Inter- and intramolecular redox reactions of substituted phenylperoxyl radicals in aqueous solutions

Substituted phenylperoxyl radicals (XC₆H₄OO^·)were produced from 4-bromoanisole, 4-bromophenol, and 4-bromo-N, N-dimethylaniline (XC₆H₄Br) in irradiated aqueous alcohol solutions. The process involves reductive debromination of these compounds by reaction with solvated electrons and subsequent reaction of the substituted phenyl radicals (XC₆H₄^·) with O₂. The rate constants for reaction of 4-MeOC₆H₄^· with O₂ and with several alcohols and for reactions of 4-MeOC₆H₄OO^· with various reductants are determined.
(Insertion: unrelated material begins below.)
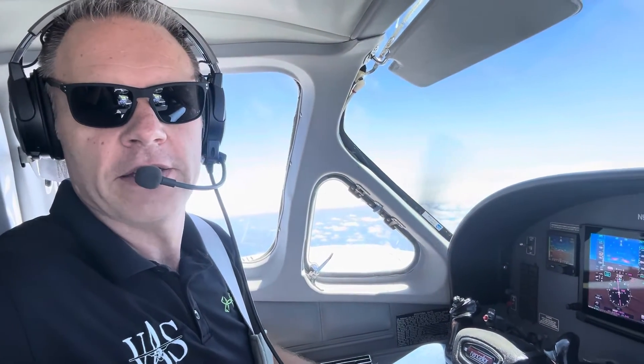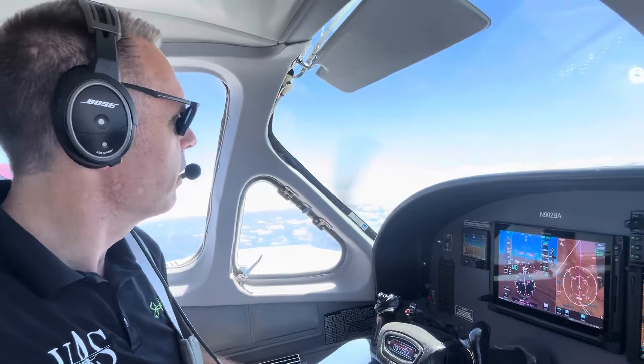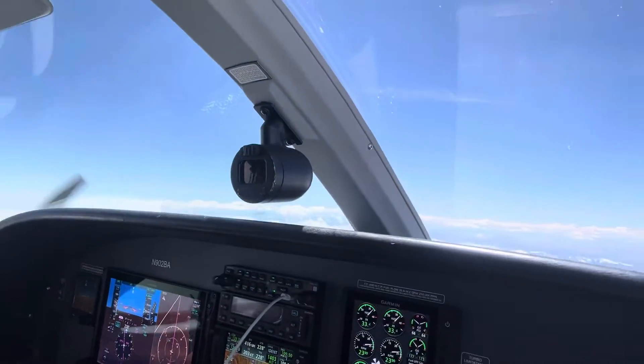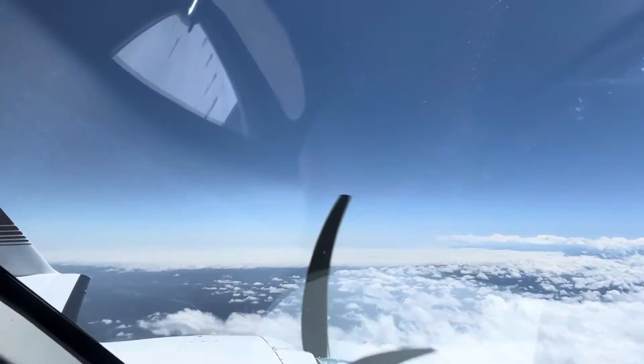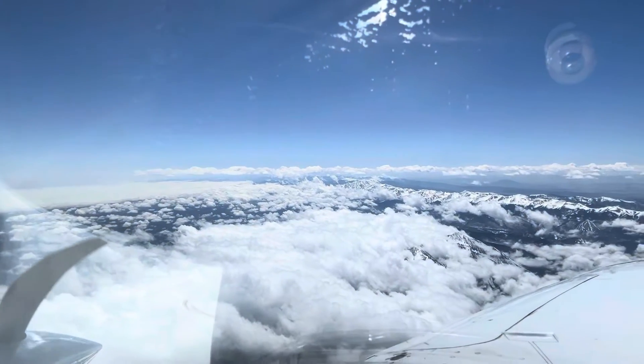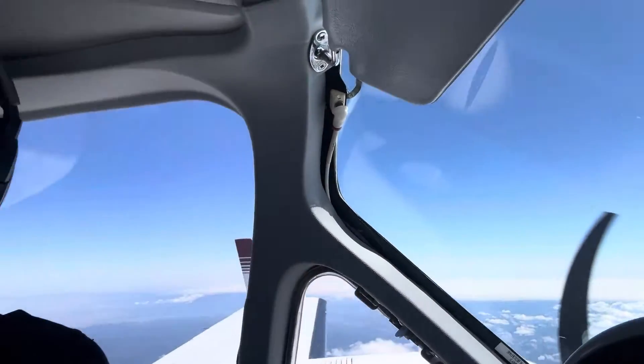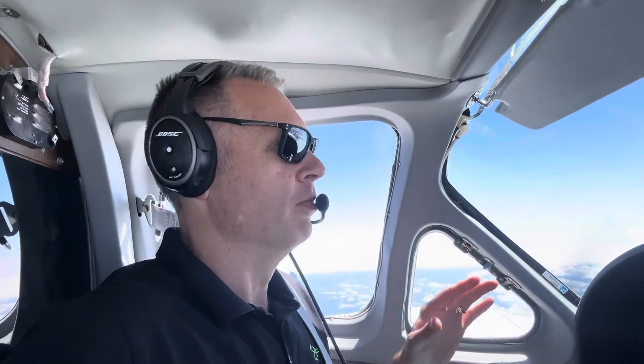We're at 20,000 feet coming up on the front range of the Rockies, which is always just a beautiful sight — a lot of gorgeous scenery, completely different than Grand Forks, North Dakota. One of the real challenges is what kind of ride you're going to get going across the front range. Generally speaking, that's usually where you get quite a few bumps crossing the continent. Today is super fortunate — it's a beautiful day with not a lot of wind.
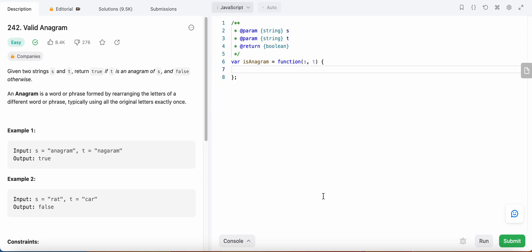Today I'm going to solve LeetCode problem number 242 'Valid Anagram'. In this problem we are given two strings t and s, and we need to return true if t is an anagram of s, else return false. An anagram means if we rearrange all the characters in t we get s, and it applies both ways — if t is an anagram of s, then s is also an anagram of t.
The 4-MeOC₆H₄OO^· radical decays with a second-order rate law and partially yields the 4-MeOC₆H₄O^· radical. On the other hand, 4-HOC₆H₄OO^· undergoes an intramolecular electron transfer, through its deprotonated form, ^-OC₆H₄OO^·, to yield the 4-HOOC₆H₄ O^· radical. Me₂NC₆H₄OO^· undergoes both intramolecular transformation and radical-radical processes, but its protonated form, Me₂HN⁺C₆H₄OO^·, undergoes mainly radical-radical reactions.